In summary, the assertion that the MBTI isn’t as good as other instruments, based on the results of a rather narrowly focused study, is misleading at best, and ignores both its stated purpose as well as the wealth of research supporting its insights (and once again, glosses over the fact that the MBTI isn’t even actually used in this study).

Response to their response

Here is the response one member of our team sent after receiving their letter:

As you know, we never claimed to test the official Myers-Briggs Type Indicator® (MBTI®) instrument. Since it is a paid commercial test, it is not easy to study directly. For the research, we designed a test based on the underlying Jungian theory and constructs and put in a substantial effort to validate it carefully before using it. If you'd like to make your commercial test available to us for free for research purposes, we could compare the MBTI-style test used in the research discussed in the article directly against the official type indicator.

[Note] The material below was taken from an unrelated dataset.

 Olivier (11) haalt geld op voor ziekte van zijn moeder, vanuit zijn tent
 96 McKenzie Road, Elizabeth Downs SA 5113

The claim of our article is that, in our research, MBTI-style constructs predicted life outcomes better than astrological sun signs but less well than Big Five constructs. Furthermore, we found that a substantial proportion of this underperformance could be attributed to (1) the way that the MBTI-style test, in line with typical usage, uses categories rather than continuous scores, and (2), the lack of a measurement of "neuroticism" in MBTI-style tests.

I stand behind these findings. Nothing in your email (including the studies you sent, which I took a look at) provides evidence against these claims.

There are some errors in your email, which I'd like to correct:

as one of them runs a website that sells products that are competitive to the MBTI and Big 5

This isn't true. We offer to the public a free version of the tests used in our research. We do not sell these.

Furthermore, the study design itself is lacking, as correlation is not the most appropriate statistic for categorical variables such as personality type.

This concern appears to be based on a misinterpretation of the way we conducted the analysis.

One may ask, if the instrument is psychometrically validated, shouldn’t it correlate with certain outcomes? The answer to this is yes, and in fact there have been countless studies that have shown that this is indeed the case. Peer reviewed research has shown that MBTI type correlates with an incredibly wide range of aspects of life, from entrepreneurial tendencies, innovation approaches and teacher performance to more abstract experiences such as dream patterns.

I agree with you that a valid personality test should be able to predict outcomes. As our article explained, the MBTI-style test did predict outcomes; it just did less well than the Big Five test. We made that clear in the article. A number of people, in response to our article, even told us that our article raised their opinion of MBTI-style tests because previously, they had assumed they were pseudoscience, but the results of our research suggested that they can predict outcomes to a reasonable degree.